Slowdown with repeated calls to spark dataframe in memory

Tags:

Say I have 40 continuous (DoubleType) variables that I've bucketed into quartiles using ft_quantile_discretizer. Identifying the quartiles on all of the variables is super fast, as the function supports execution of multiple variables at once.

Next, I want to one hot code those bucketed variables, but there is no functionality currently supported to one hot code all of those variables with a single call. So I'm piping ft_string_indexer, ft_one_hot_encoder, and sdf_separate_column for each of the bucketed variables one at a time, by looping through the variables. This gets the job done. However, as the loop progresses, it slows down considerably. I'm thinking it's running out of memory, but can't figure out how to program this so that it executes with the same speed across the variables.

If q_vars is a character array of variable names (say 40 of them) for continuous variables, how can I code this up in a more spark-efficient way?

for (v in q_vars) {
   data_sprk_q<-data_sprk_q %>% 
       ft_string_indexer(v,paste0(v,"b"),"keep",string_order_type = "alphabetAsc") %>%
       ft_one_hot_encoder(paste0(v,"b"),paste0(v,"bc")) %>%
       sdf_separate_column(paste0(v,"bc"),into=q_vars_cat_list[[v]]) 
}

I also tried executing as a single massive pipeline with all of the variables referenced, but that too didn't solve the issue, so I'm thinking it doesn't have anything to do with the loop itself.

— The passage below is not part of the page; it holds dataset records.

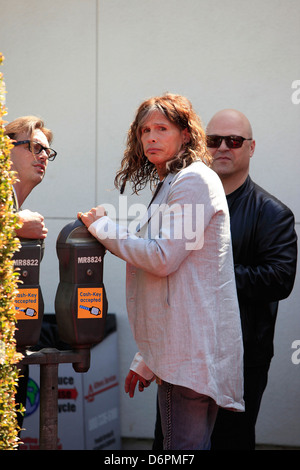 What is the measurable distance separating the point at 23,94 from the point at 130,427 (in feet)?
7.89

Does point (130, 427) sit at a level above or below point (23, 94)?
below

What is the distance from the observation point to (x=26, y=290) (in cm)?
266

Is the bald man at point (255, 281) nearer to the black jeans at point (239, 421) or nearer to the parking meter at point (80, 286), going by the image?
the black jeans at point (239, 421)

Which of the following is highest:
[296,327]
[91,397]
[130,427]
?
[296,327]

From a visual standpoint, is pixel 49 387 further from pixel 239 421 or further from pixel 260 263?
pixel 260 263

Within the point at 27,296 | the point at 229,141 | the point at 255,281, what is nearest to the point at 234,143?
the point at 229,141

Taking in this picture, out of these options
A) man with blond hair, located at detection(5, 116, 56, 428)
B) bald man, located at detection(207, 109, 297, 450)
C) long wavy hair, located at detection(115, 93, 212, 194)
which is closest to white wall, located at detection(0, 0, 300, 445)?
bald man, located at detection(207, 109, 297, 450)

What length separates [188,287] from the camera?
8.46ft

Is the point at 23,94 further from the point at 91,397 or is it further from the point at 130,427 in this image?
the point at 130,427

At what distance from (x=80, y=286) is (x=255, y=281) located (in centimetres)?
86

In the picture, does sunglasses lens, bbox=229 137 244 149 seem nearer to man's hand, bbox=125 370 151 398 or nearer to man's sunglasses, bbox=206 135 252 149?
man's sunglasses, bbox=206 135 252 149

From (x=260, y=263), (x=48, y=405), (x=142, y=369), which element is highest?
(x=260, y=263) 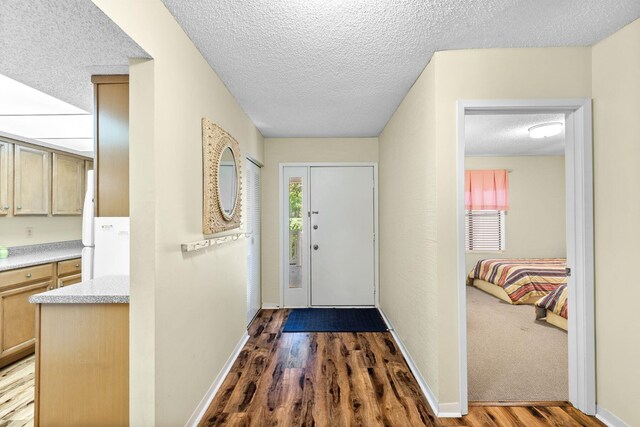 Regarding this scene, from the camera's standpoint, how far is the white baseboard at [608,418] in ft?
6.35

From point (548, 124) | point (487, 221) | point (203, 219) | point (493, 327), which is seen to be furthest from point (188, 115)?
point (487, 221)

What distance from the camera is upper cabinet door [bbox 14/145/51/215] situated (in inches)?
131

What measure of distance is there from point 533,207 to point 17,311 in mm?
7006

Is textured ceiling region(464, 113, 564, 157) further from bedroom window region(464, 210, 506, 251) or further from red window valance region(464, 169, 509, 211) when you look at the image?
bedroom window region(464, 210, 506, 251)

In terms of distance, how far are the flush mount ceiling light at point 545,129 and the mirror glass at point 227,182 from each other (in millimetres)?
3536

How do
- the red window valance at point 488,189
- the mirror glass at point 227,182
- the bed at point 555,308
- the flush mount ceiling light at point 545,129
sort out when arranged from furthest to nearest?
1. the red window valance at point 488,189
2. the flush mount ceiling light at point 545,129
3. the bed at point 555,308
4. the mirror glass at point 227,182

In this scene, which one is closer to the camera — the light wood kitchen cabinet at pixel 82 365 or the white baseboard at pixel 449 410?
the light wood kitchen cabinet at pixel 82 365

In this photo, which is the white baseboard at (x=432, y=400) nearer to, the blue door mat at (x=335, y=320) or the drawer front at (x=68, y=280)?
the blue door mat at (x=335, y=320)

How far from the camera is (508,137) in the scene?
4617 millimetres

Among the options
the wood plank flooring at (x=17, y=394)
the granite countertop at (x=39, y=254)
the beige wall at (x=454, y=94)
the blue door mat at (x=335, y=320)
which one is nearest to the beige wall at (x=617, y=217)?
the beige wall at (x=454, y=94)

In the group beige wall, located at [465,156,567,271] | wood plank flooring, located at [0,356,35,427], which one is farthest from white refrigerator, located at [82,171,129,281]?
beige wall, located at [465,156,567,271]

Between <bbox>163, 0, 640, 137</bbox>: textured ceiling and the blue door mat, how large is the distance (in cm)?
245

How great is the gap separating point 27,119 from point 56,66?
60.0 inches

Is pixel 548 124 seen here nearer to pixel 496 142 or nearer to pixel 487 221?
pixel 496 142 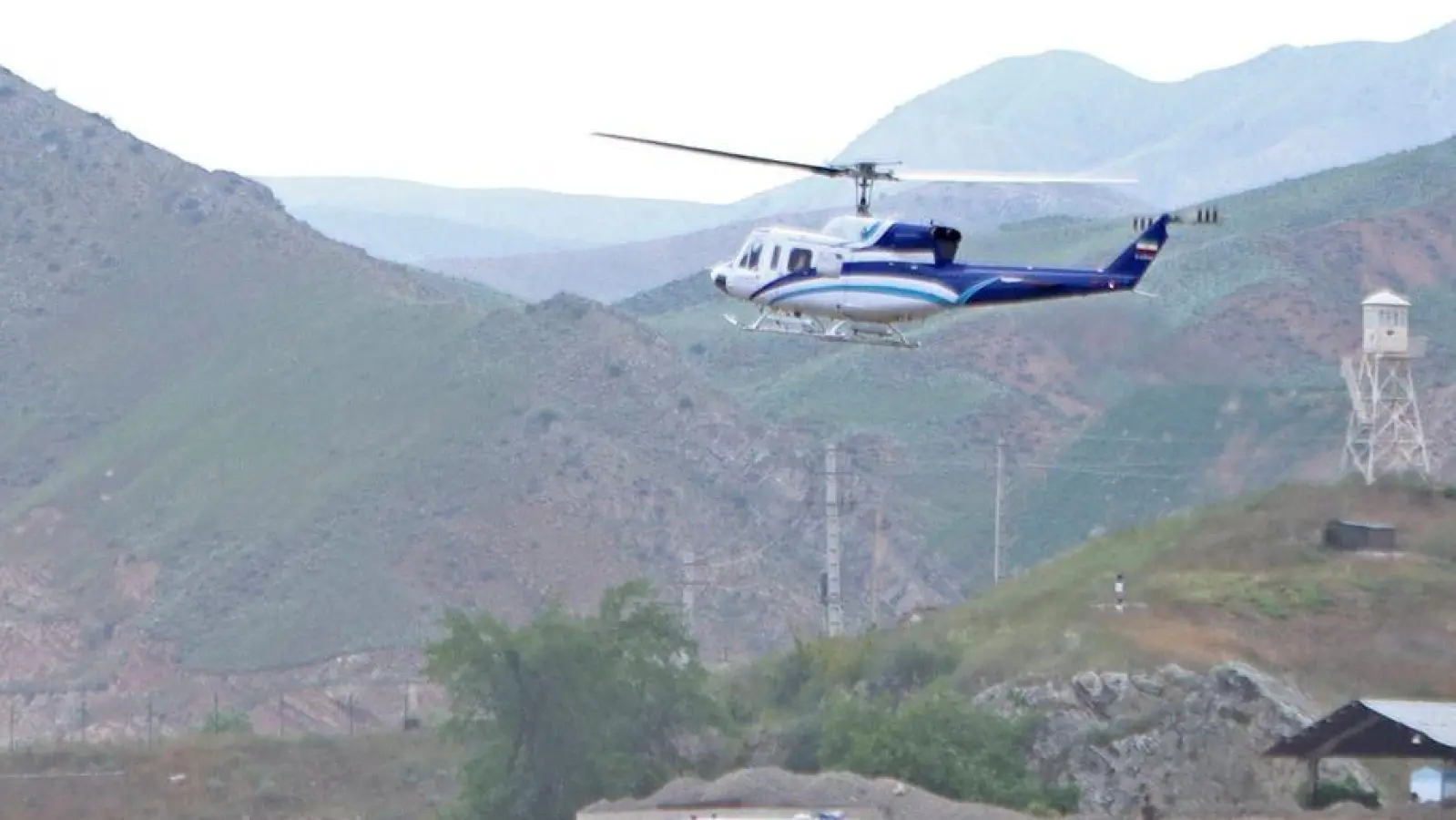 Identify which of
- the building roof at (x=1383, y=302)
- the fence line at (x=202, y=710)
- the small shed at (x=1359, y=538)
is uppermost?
the building roof at (x=1383, y=302)

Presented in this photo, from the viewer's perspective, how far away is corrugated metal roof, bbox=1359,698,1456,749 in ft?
173

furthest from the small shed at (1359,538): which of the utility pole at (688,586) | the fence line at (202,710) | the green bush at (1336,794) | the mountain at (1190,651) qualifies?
the fence line at (202,710)

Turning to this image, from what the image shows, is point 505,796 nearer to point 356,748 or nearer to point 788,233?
point 356,748

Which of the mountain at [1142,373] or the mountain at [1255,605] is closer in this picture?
the mountain at [1255,605]

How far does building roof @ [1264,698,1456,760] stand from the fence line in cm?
4184

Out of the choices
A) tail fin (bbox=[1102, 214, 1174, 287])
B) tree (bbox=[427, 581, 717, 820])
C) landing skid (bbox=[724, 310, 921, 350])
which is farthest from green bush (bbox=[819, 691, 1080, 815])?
landing skid (bbox=[724, 310, 921, 350])

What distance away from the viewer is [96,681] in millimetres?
104312

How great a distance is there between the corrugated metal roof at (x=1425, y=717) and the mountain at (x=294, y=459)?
157 ft

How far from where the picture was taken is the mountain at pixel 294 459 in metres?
106

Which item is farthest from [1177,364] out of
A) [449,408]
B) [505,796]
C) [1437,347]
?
[505,796]

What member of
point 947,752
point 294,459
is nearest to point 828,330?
point 947,752

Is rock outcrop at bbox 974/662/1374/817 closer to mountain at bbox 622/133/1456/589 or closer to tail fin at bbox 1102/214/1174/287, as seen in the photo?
tail fin at bbox 1102/214/1174/287

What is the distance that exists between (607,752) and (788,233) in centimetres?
1766

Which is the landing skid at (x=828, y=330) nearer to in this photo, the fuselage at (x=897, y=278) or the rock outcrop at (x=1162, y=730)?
the fuselage at (x=897, y=278)
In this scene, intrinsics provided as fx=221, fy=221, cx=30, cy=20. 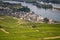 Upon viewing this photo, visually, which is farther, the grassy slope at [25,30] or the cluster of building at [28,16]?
the cluster of building at [28,16]

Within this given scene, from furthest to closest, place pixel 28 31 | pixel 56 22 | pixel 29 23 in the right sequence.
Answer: pixel 56 22, pixel 29 23, pixel 28 31

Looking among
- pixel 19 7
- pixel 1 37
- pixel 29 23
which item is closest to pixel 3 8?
pixel 19 7

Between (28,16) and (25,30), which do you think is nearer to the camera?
(25,30)

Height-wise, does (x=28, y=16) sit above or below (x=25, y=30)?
above

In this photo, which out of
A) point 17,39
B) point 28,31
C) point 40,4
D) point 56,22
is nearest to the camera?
point 17,39

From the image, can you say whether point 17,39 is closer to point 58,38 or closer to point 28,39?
point 28,39

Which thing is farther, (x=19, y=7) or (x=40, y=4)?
(x=40, y=4)

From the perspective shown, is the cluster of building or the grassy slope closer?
the grassy slope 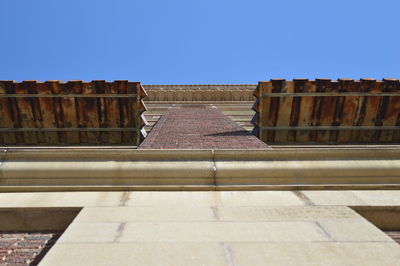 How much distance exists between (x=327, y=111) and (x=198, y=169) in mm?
5915

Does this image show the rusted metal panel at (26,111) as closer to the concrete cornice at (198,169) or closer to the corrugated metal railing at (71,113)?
the corrugated metal railing at (71,113)

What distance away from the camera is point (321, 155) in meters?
3.31

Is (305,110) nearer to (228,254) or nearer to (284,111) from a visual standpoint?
(284,111)

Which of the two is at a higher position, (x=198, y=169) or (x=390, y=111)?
(x=390, y=111)

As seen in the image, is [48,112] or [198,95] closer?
[48,112]

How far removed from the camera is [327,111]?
23.7ft

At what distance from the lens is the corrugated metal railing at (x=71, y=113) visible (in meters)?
6.83

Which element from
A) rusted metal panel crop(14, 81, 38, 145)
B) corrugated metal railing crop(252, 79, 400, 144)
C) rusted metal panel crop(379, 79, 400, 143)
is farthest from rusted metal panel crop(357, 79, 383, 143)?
rusted metal panel crop(14, 81, 38, 145)

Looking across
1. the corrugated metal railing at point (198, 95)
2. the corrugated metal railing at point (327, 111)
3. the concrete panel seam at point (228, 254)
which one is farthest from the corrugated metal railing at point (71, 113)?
the corrugated metal railing at point (198, 95)

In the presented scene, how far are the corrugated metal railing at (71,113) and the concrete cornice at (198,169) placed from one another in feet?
13.2

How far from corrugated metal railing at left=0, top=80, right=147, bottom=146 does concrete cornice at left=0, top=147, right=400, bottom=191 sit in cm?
404

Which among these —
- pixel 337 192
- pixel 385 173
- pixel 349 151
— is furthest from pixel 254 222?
pixel 385 173

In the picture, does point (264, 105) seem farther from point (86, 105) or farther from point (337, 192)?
point (86, 105)

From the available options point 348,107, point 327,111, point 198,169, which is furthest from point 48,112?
point 348,107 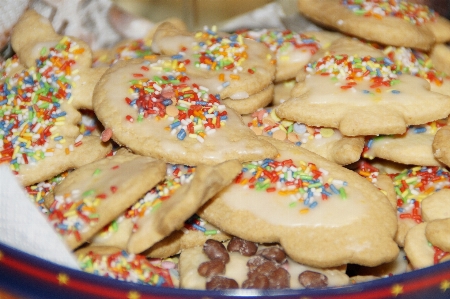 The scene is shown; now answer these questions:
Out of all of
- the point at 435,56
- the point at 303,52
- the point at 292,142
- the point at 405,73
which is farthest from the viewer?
the point at 435,56

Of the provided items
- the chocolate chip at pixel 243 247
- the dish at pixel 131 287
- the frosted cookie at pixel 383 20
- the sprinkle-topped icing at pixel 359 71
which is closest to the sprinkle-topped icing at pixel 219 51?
the sprinkle-topped icing at pixel 359 71

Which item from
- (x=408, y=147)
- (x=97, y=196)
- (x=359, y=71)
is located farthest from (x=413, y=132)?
(x=97, y=196)

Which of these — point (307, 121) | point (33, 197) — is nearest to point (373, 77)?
point (307, 121)

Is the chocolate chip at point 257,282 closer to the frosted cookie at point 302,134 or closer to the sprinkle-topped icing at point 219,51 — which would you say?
the frosted cookie at point 302,134

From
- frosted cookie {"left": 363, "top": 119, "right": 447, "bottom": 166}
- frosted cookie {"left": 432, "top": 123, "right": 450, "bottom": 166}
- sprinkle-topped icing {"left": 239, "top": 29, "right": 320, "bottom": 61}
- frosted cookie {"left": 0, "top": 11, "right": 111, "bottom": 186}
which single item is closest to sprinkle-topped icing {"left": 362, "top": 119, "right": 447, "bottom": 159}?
frosted cookie {"left": 363, "top": 119, "right": 447, "bottom": 166}

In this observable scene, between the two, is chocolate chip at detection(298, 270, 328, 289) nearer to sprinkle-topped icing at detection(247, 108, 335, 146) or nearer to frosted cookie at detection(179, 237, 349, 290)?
frosted cookie at detection(179, 237, 349, 290)

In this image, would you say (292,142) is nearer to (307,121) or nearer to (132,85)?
(307,121)

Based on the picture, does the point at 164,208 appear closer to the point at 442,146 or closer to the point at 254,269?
the point at 254,269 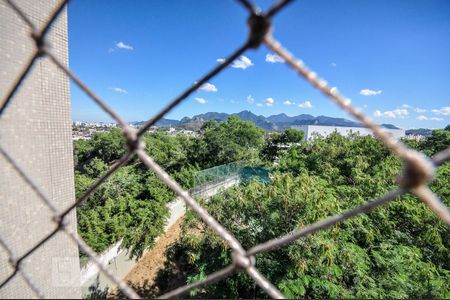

test_text<-paste0("data_sprk_q<-data_sprk_q %>% ", paste0("ft_string_indexer('",q_vars,"',paste0('",q_vars,"','b'),'keep',string_order_type = 'alphabetAsc') %>% ft_one_hot_encoder(paste0('",q_vars,"','b'),paste0('",q_vars,"','bc')) %>% sdf_separate_column(paste0('",q_vars,"','bc'),into=",q_vars_cat_list,")",collapse=" %>% "))
eval(parse(text=test_text))

Any help would be appreciated.

576

asked Aug 21 '18 23:08

hgb1234

1 Answers

In general some (sometimes substantial) slowdown with long ML Pipeline is expected, as a result of worse than linear complexity of the Catalyst optimizer. Short of splitting the process into multiple pipelines, and breaking the lineage in between (either using checkpoints and writing data to persistent storage and loading it back) there is not much you can about it at the moment.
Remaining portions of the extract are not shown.